## [EXERCISE REQUIREMENTS]
Once the pictures are set aside, copy everything else in the records exactly.

== Segment start ==

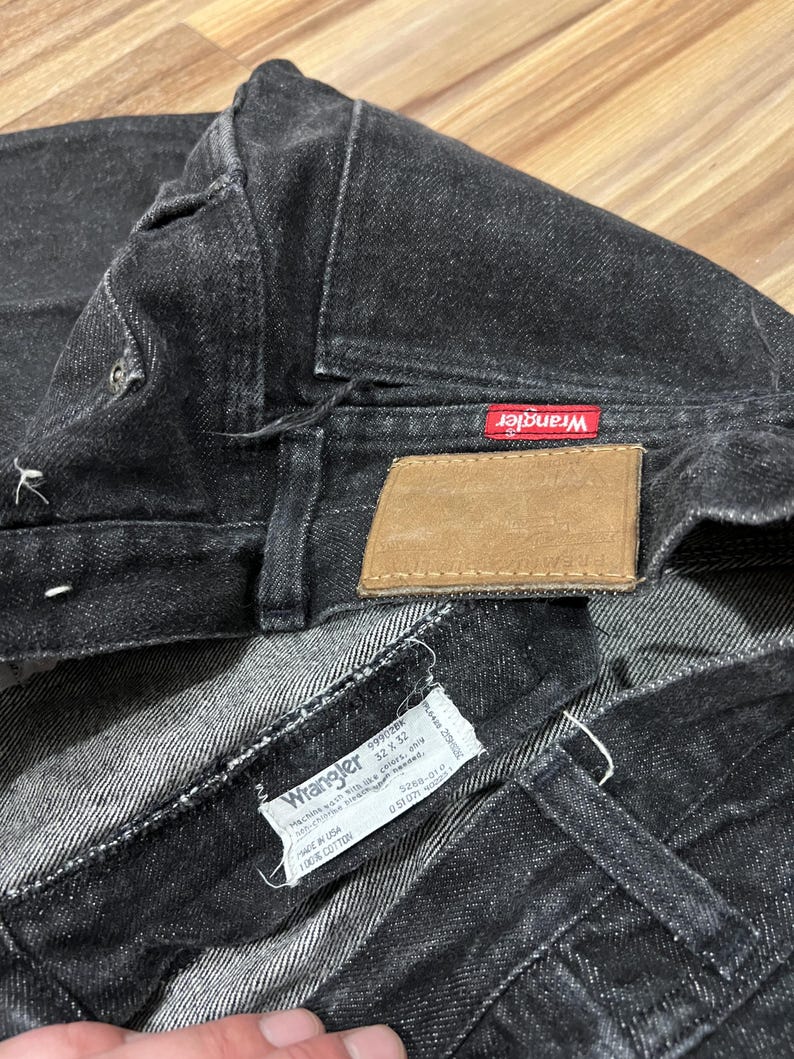 Puede incluir: Primer plano de unos vaqueros Wrangler negros. Los vaqueros tienen una etiqueta roja de Wrangler y un parche de cuero marr&oacute;n. Se ve una etiqueta blanca con el logotipo de Wrangler y la informaci&oacute;n de la talla. Los vaqueros son 100% algod&oacute;n.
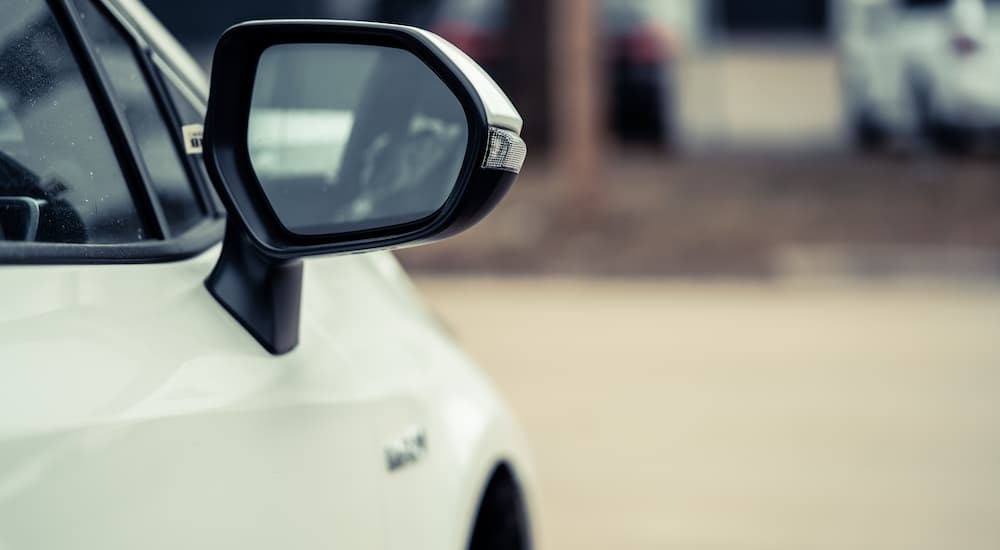 The side mirror on a white vehicle for sale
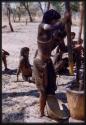 Girl pounding millet, profile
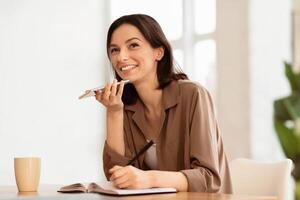 Technology And Communication Concept. Happy woman using voice command recorder on mobile phone and taking notes photo
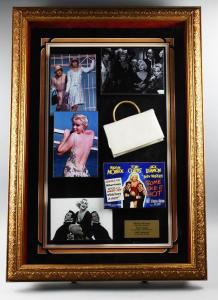 Dedication shadowbox for the movie Some Like It Hot (1959), featuring stills from the film and a small purse signed by Marilyn Monroe, Tony Curtis and Jack Lemmon (est. $5,000-$1,000).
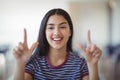 Portrait of happy schoolgirl gesturing in classroom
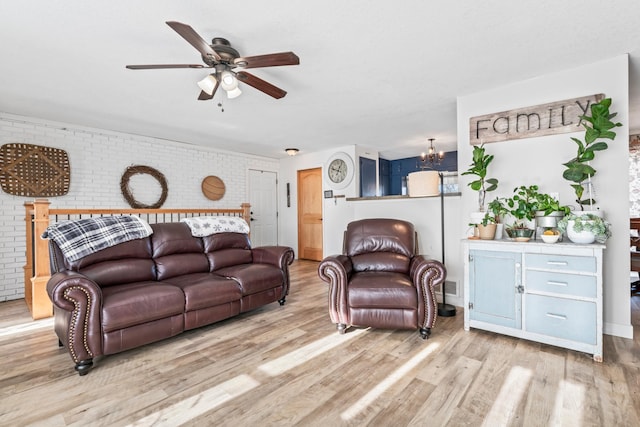 living room featuring ceiling fan with notable chandelier, brick wall, and light hardwood / wood-style floors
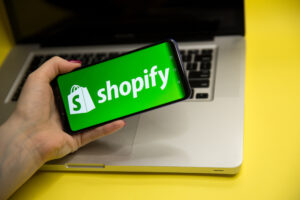 Shopify logo displayed on a modern smartphone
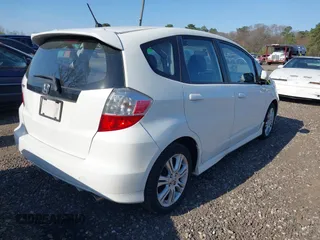 2009 Honda Fit Sport w/Navi with VIN JHMGE88609C002848, listed as a IAAI auction lot 42121403 with 168,138 mi miles. Bid and sale history available at carsss.com. Image 4.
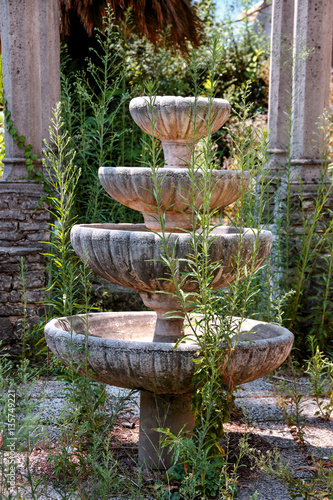 Old stone decorative fountain in the abandoned garden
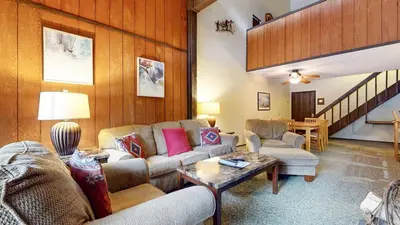 a living room with couches and a table at Mammoth Reservations in Mammoth Lakes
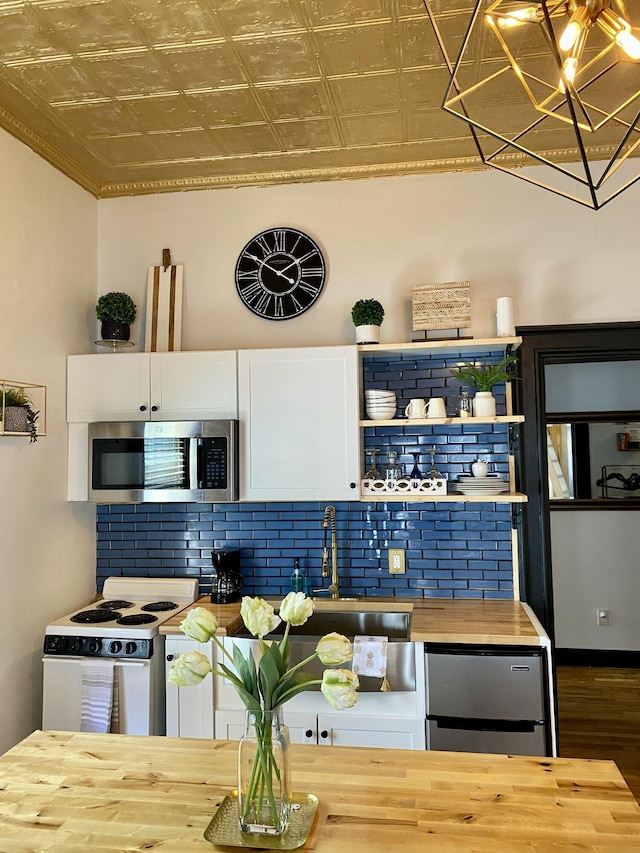 kitchen featuring butcher block counters, stainless steel microwave, white electric stove, an ornate ceiling, and tasteful backsplash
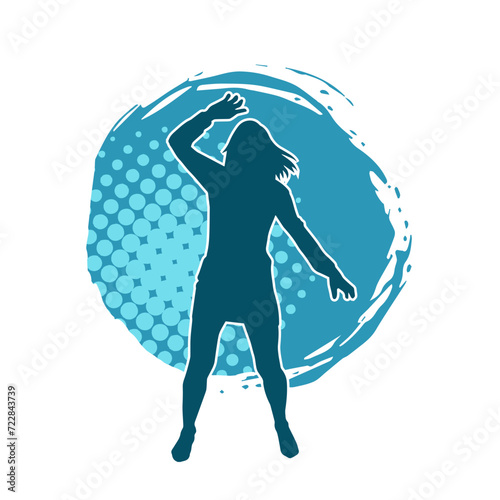 Silhouette of a slim female in dance pose. Silhouette of a woman dancing.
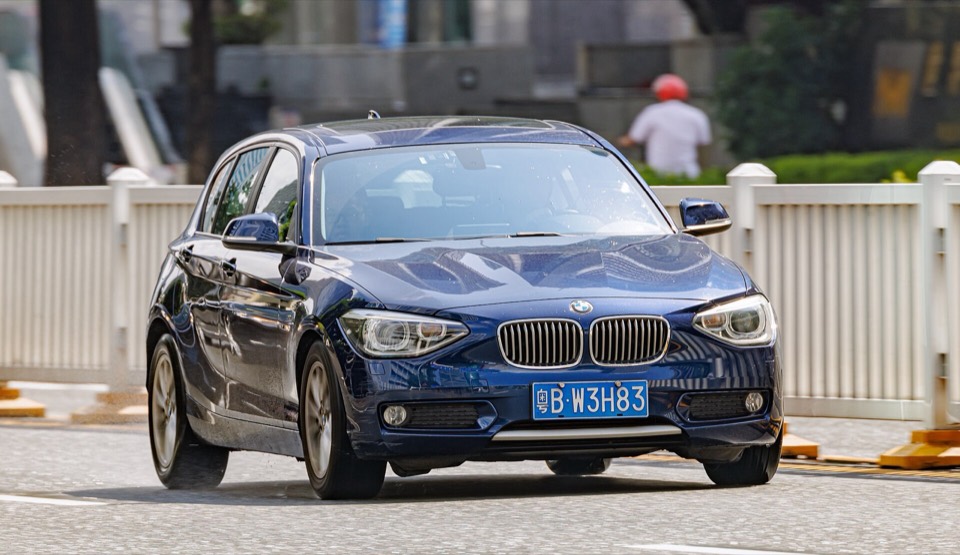 BMW Serie 1 F20 azul oscuro visto de frente circulando por una avenida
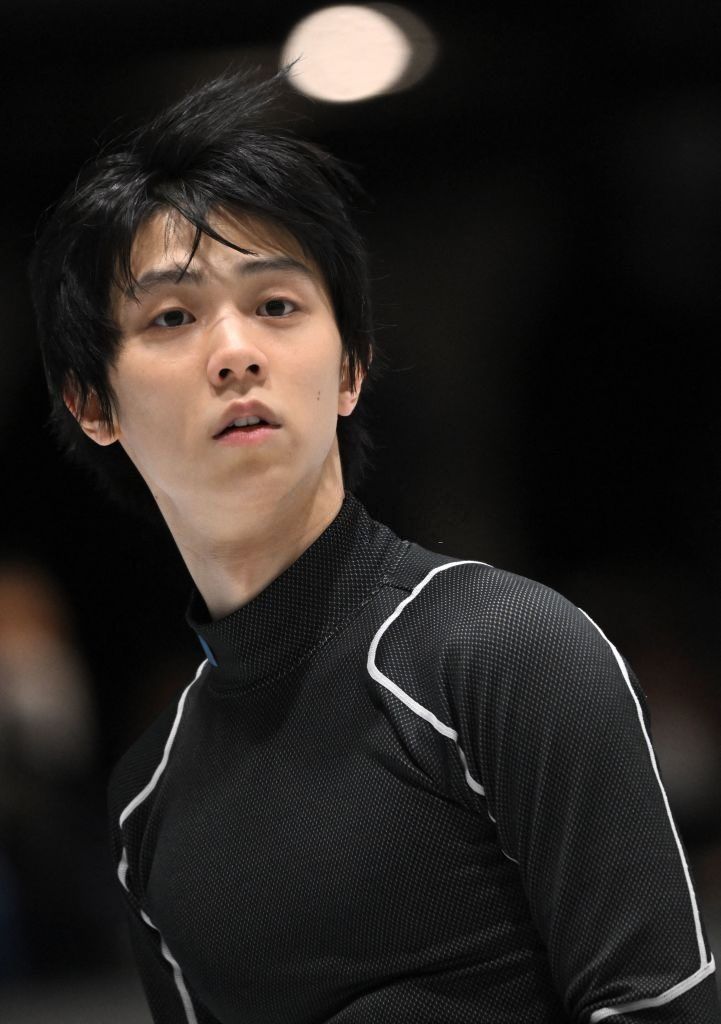 a young man with black hair is looking at the camera while wearing a black turtle neck sweater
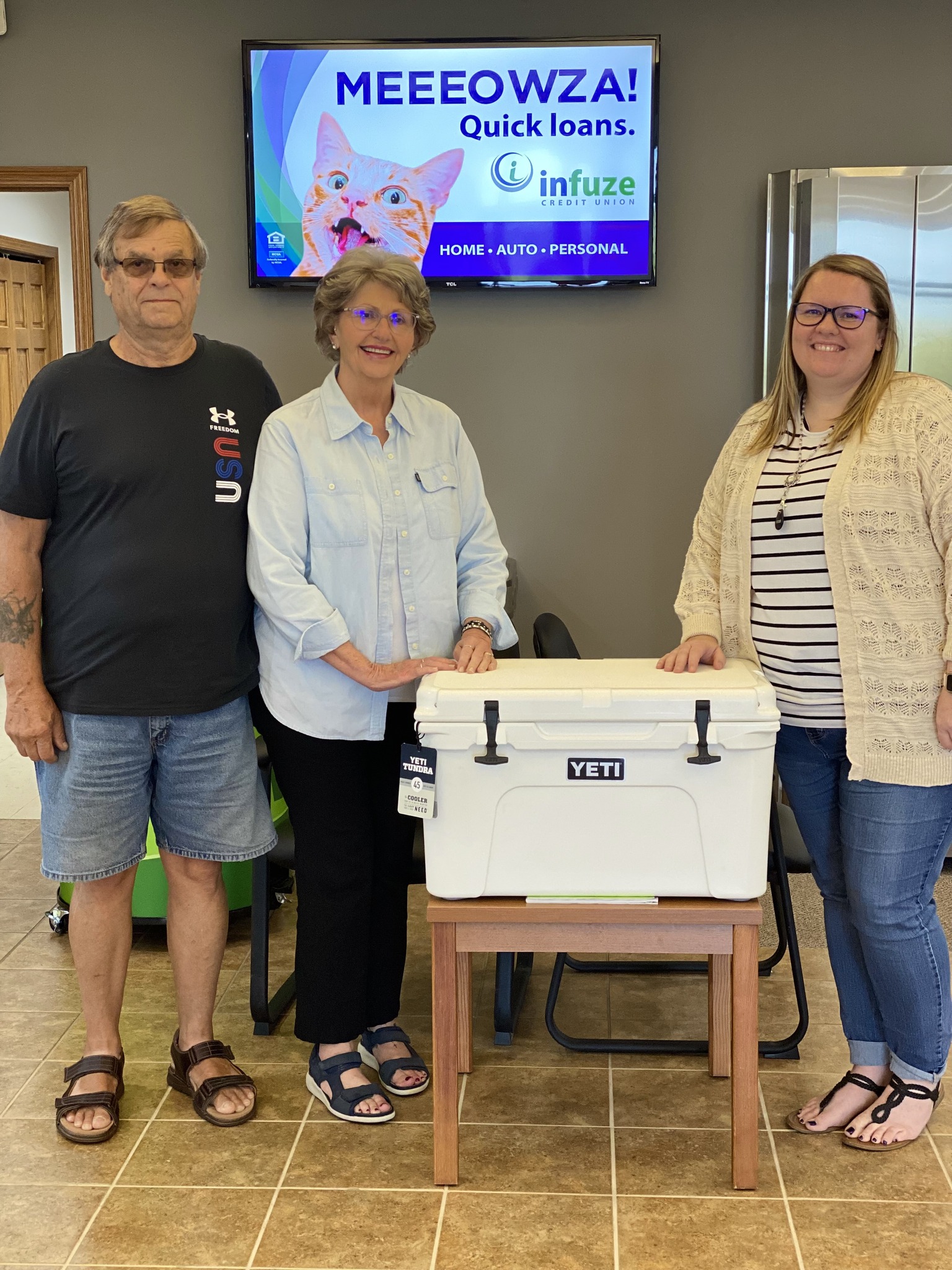 Two women and one man standing by ice chest.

== Segment end ==

## [RESPONSE]
 Puede incluir: Primer plano de unos vaqueros Wrangler negros. Los vaqueros tienen una etiqueta roja de Wrangler y un parche de cuero marr&oacute;n. Se ve una etiqueta blanca con el logotipo de Wrangler y la informaci&oacute;n de la talla. Los vaqueros son 100% algod&oacute;n.
 The side mirror on a white vehicle for sale
 Girl pounding millet, profile
 Technology And Communication Concept. Happy woman using voice command recorder on mobile phone and taking notes photo
 Dedication shadowbox for the movie Some Like It Hot (1959), featuring stills from the film and a small purse signed by Marilyn Monroe, Tony Curtis and Jack Lemmon (est. $5,000-$1,000).
 Portrait of happy schoolgirl gesturing in classroom
 living room featuring ceiling fan with notable chandelier, brick wall, and light hardwood / wood-style floors
 Shopify logo displayed on a modern smartphone
 2009 Honda Fit Sport w/Navi with VIN JHMGE88609C002848, listed as a IAAI auction lot 42121403 with 168,138 mi miles. Bid and sale history available at carsss.com. Image 4.
 Old stone decorative fountain in the abandoned garden
 a living room with couches and a table at Mammoth Reservations in Mammoth Lakes
 kitchen featuring butcher block counters, stainless steel microwave, white electric stove, an ornate ceiling, and tasteful backsplash
 Silhouette of a slim female in dance pose. Silhouette of a woman dancing.
 BMW Serie 1 F20 azul oscuro visto de frente circulando por una avenida
 a young man with black hair is looking at the camera while wearing a black turtle neck sweater
 Two women and one man standing by ice chest.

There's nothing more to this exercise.